EXERCISE AIM: In the data below, find the line containing "TÚI CÓI MINI" and the line containing "Prada City Calfskin", then reproduce them and every line between, exactly. Omit pictures.

GIVEN INFORMATION:
┏━━

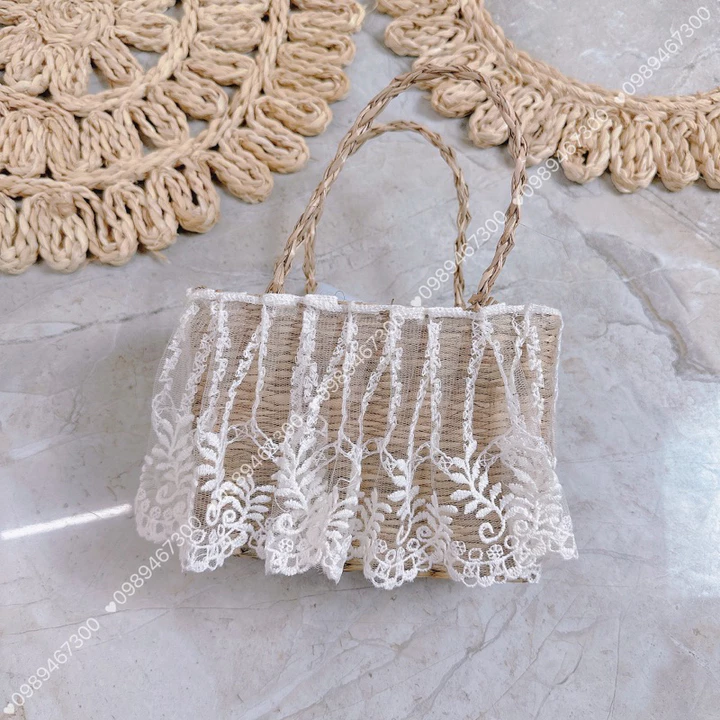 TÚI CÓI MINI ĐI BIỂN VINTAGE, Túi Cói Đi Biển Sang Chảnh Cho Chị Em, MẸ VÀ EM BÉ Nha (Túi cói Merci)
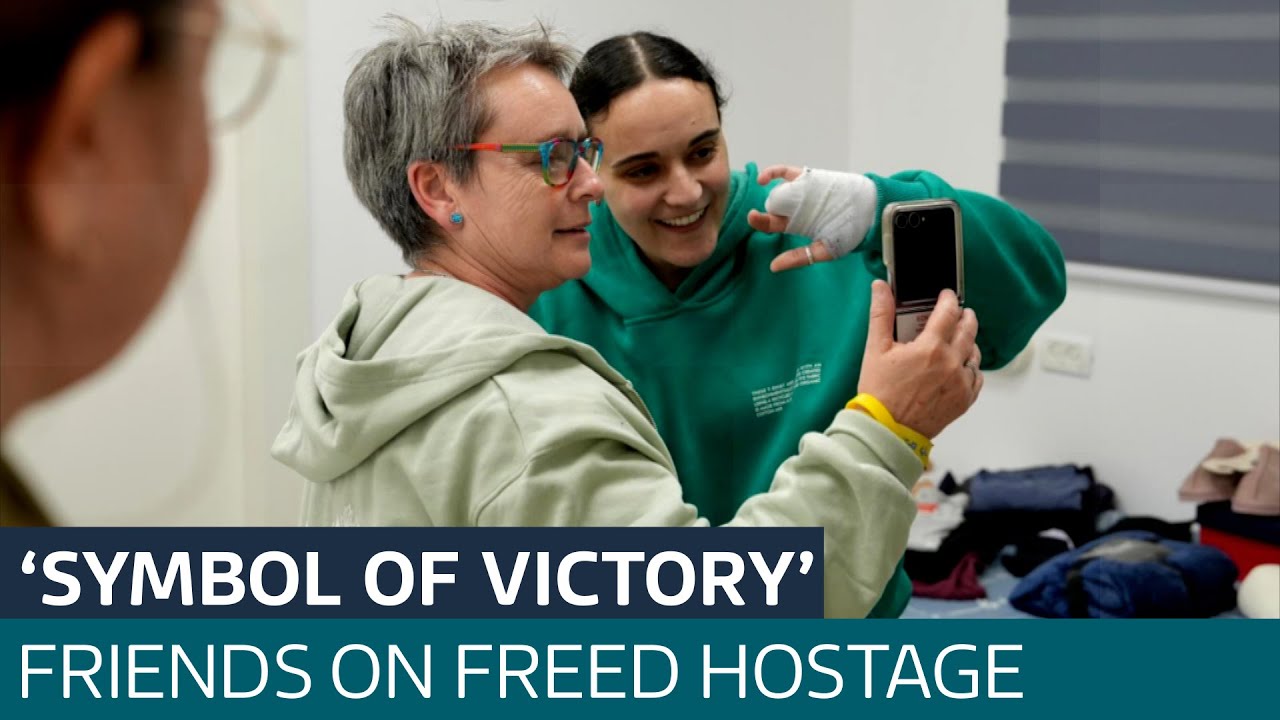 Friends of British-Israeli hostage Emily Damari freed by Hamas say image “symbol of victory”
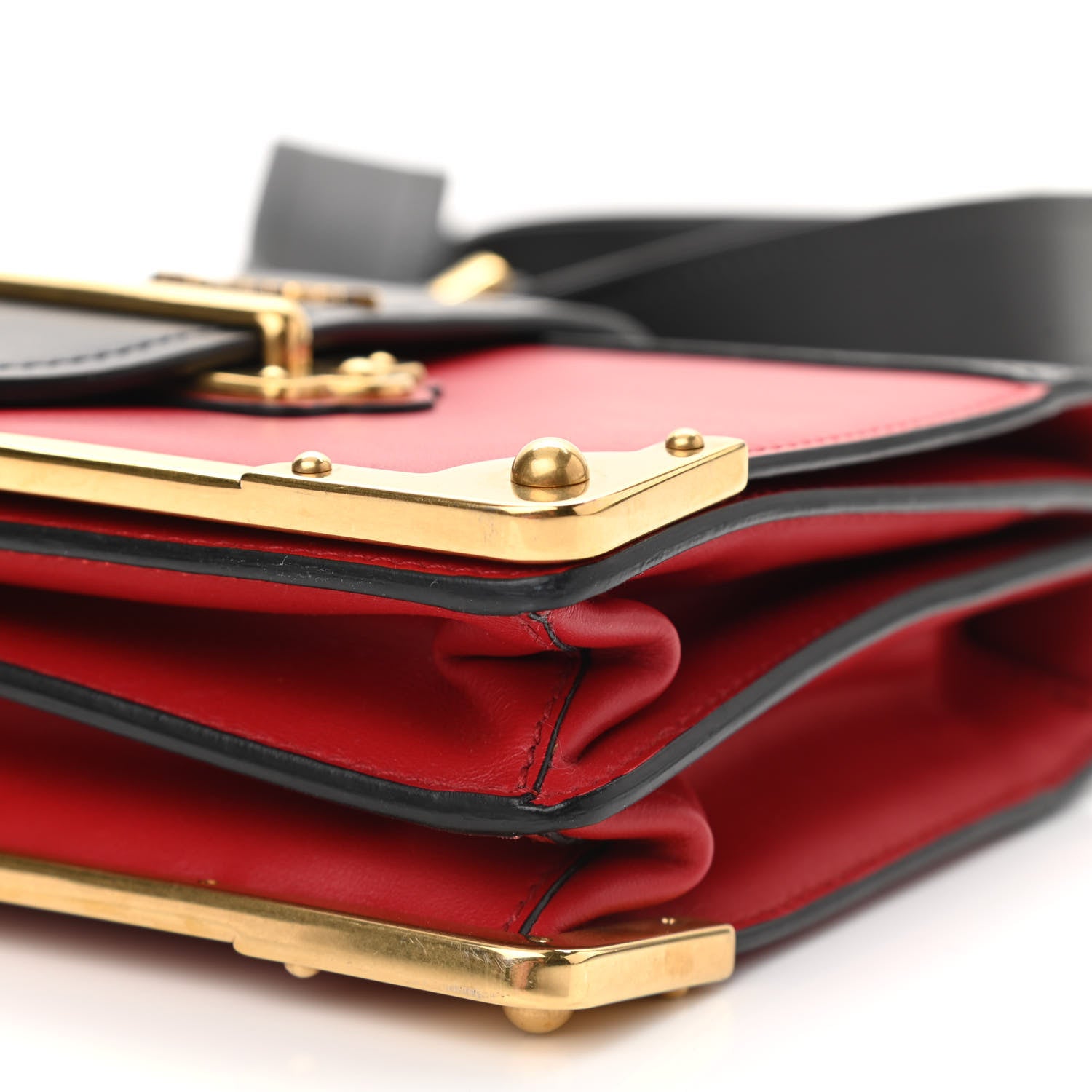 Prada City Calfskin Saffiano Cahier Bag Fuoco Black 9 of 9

┗━━
┏━━

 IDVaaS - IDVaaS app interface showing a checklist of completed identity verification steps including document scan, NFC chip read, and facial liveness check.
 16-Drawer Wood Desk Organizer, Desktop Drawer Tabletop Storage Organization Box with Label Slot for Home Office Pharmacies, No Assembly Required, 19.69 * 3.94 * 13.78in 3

┗━━
┏━━

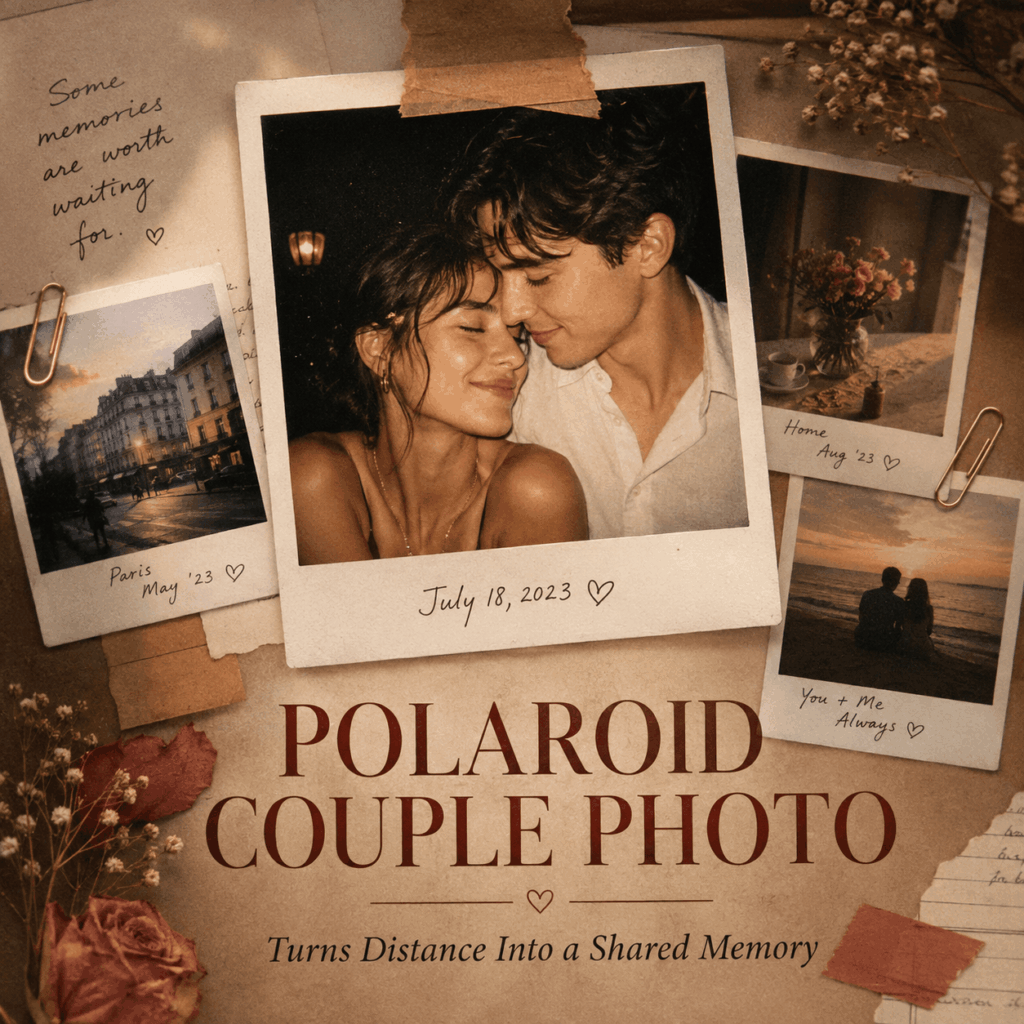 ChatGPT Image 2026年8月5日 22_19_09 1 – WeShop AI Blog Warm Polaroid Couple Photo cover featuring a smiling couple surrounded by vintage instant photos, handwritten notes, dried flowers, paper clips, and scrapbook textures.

┗━━

OUTPUT FOR THIS EXERCISE:
 TÚI CÓI MINI ĐI BIỂN VINTAGE, Túi Cói Đi Biển Sang Chảnh Cho Chị Em, MẸ VÀ EM BÉ Nha (Túi cói Merci)
 Friends of British-Israeli hostage Emily Damari freed by Hamas say image “symbol of victory”
 Prada City Calfskin Saffiano Cahier Bag Fuoco Black 9 of 9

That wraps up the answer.